NYT, Ben Rhodes, The Organizer, etc.

The much ballyhooed NYT piece on Ben Rhodes and The Organizer’s deliberate disinformation campaign with respect to the Iran Deal is quite shocking. If W had done this, CNN would be covering it 24/7.

The sheer contempt with which Rhodes and his Master hold ‘The Blob’ (i.e., anyone who disagrees with Barry on… anything) is quite striking. As is the read-between-the-line quotes from Leon Panetta about  his time in the WH, and the degree to which communications personnel, such as Rhodes, influence The Organizer’s foreign policy decision-making.

Having been mentioned in the Samuels piece as one of Rhodes’ media lackeys, The Atlantic’s Jeffrey Goldberg protests, noting:

I also told Silverstein of my unhappy history with Samuels. I won’t bore you with this sad story, but five years ago, his wife, Alana Newhouse, offered me a position at Tablet Magazine, which she edits. I accepted the job, but then I quickly came to feel that she and David—he was a senior editor at Tablet—weren’t dealing with me in a straightforward way on a number of fronts, and, ultimately, I chose to stay atThe Atlantic. Since that time, I have been the intermittent target of criticism inTablet, and a more-than-intermittent target of Samuels’s personal animus. (He is not particularly careful about sharing his negative opinions of me—or others, by the way—with people who are friends of mine). Samuels should have disclosed this history to the reader.

So, an element of this story that we need to be cognizant of appears to be tied up in the Jewishness of it all. Samuels is Jewish, as is Rhodes, Silverstein, Goldberg, and various other central characters.

Perceived snubs in the way of the very Jewish magazine Tablet appears to be, believe it or not, a potential factor in the unfolding of this very significant news cycle item.

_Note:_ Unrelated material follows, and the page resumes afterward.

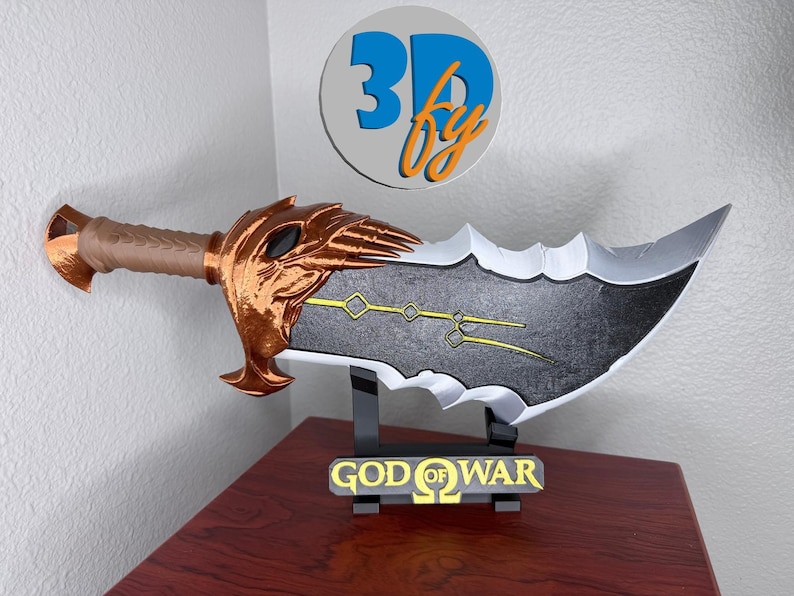May include: A 3D-printed replica of a sword from the video game God of War. The blade is gray and black with gold accents. The handle is brown and gold. The sword rests on a black stand with the words "GOD OF WAR" in gold.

On a different note, this quote from Goldberg cracked me up:

I would say that Carlos Lozada’s evisceration of the piece in The Washington Post—published under the non-subtle headline, “Why the Ben Rhodes profile in the New York Times Magazine is just gross”—captures many of my feelings about it, particularly about its aesthetic shortcomings. One of the substance-related oddities of the piece is that it doesn’t address what is actually Rhodes’s most concrete accomplishment in government—leading the secret negotiations that restored diplomatic relations with Cuba. This is a controversial accomplishment—many of the administration’s critics believe that it ceded too much to the Cuban government in the course of these negotiations, but it is an actual accomplishment, one that provides insight into what could be called the Obama Doctrine.

What Goldberg heralds as a wonderful development of the ‘Obama Doctrine’ is actually another seminal example of Obama giving away all his negotiating leverage by having communicated beforehand his intense desire to strike a deal at any cost.

With respect to the Cuba deal, the hugely asymmetrical relationship between the two countries should have led to significant concessions by Cuba, instead of… well… zero concessions.